Friday, March 13, 2009

One child left in CPS FLDS case

http://www.gosanangelo.com/news/2009/mar/13/17-year-old-dropped-from-flds-investigation/


The state's Child Protective Services agency has dropped a 17-year-old mother from its investigation of alleged abuse at the YFZ Ranch, leaving just one child of the 439 initially removed from the polygamous Schleicher County compound.

The nonsuit, filed Thursday, removes from the case a girl who has vexed state and court officials with her refusals to produce her 8-month-old baby, which CPS had sought for genetic testing. The Salt Lake Tribune reported CPS opened a new case in San Antonio, where the girl lives, seeking access to the baby to monitor the girl's parenting skills.

The girl gave birth in June, just days after the return of hundreds of children from the Fundamentalist Church of Jesus Christ of Latter-Day Saints. CPS has alleged she was married to an adult man at age 14.

The only child remaining in the case is a 14-year-old girl that sect documents and pictures show having been married to sect leader Warren Jeffs at age 12.

CPS on Thursday filed a request that the girl, who has struggled to adapt to outside life with two foster families since 51st District Judge Barbara Walther gave the agency custody of the girl last summer, be placed with a distant relative, Bandera resident Naomi Carlisle.

Carlisle, 52, is an FLDS member but has never been a resident of the YFZ Ranch, and five of her 11 surviving children have left the sect upon adulthood, according to investigation documents filed Thursday with the agency's request.

No hearing date on the placement has been set, court administrators said today.

Carlisle provided temporary shelter for her brother's children after their removal from the ranch in April until Texas courts ordered their return in June, the documents state.

"Ms. Carlisle has many strengths that make her an appropriate placement" for the girl, wrote Amanda Way, child placing manager for Adoption Priorities Inc., which conducted the background check on Carlisle. "She is of the same cultural and religious background as (the girl) and will be able to foster those needs.

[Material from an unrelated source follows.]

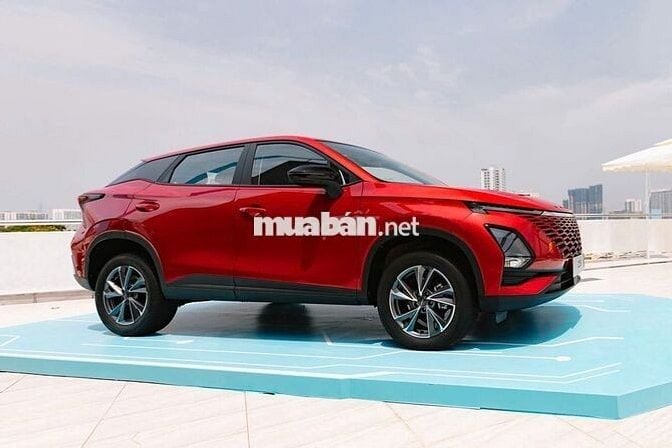 OMODA C5 - Đỏ ruby - 1.5 Tubo 2025 chưa lăn bánh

However, she is just far enough removed from the controversy of the FLDS case and the various participants in the case that she seems to be a safe placement option."

Monday, March 2, 2009

Sect teen shows up w/ wrong baby

http://www.chron.com/disp/story.mpl/ap/tx/6290129.html

Excerpt

SAN ANTONIO — Texas child welfare authorities have asked a judge to order a 17-year-old mother from a polygamist sect to submit to a psychological evaluation after she showed up to an appointment with Child Protective Services claiming someone else's child was hers.

The teen had previously refused to disclose the whereabouts of her infant born in June, when she was 16 and shortly after she and the other 437 children taken from the Yearning For Zion Ranch in Eldorado were returned to their parents from foster care.

The teen produced a baby purported to be her biological child for an appointment with CPS, but DNA tests taken during the appointment revealed she is not the infant's biological mother, said CPS attorney John Dolezal in a court filing on Thursday.

State officials believe the girl was married to a man in the Fundamentalist Church of Jesus Christ of Latter Day Saints when she was 14. In Texas, someone younger than 17 generally cannot consent to sex with an adult, and The Associated Press is withholding her name because it generally does not name possible victims of sex crimes.

"It appears that (the girl) has been separated from her child," Dolezal said in the filing.

The agency is also concerned the girl is "being improperly influenced, against her best interest, into making choices to not produce her child and to produce another individual's child," he wrote.

CPS officials have said they want to ensure the infant is safe and are not seeking custody.

The girl's attorney, Kelly Ellis, is on maternity leave and couldn't immediately be reached for comment on Monday.

FLDS spokesman Willie Jessop said that while he was unfamiliar with the latest dispute in the case, the girl previously said she feared the agency would try to take the infant if she allowed officials to examine the baby.

"The department has reaffirmed that they're not trustworthy. She was concerned that they would take the baby," Jessop said.

A hearing in the teen's case is scheduled for Friday.

Her case is one of just two remaining cases in what was initially one of the largest custody cases in U.S. history.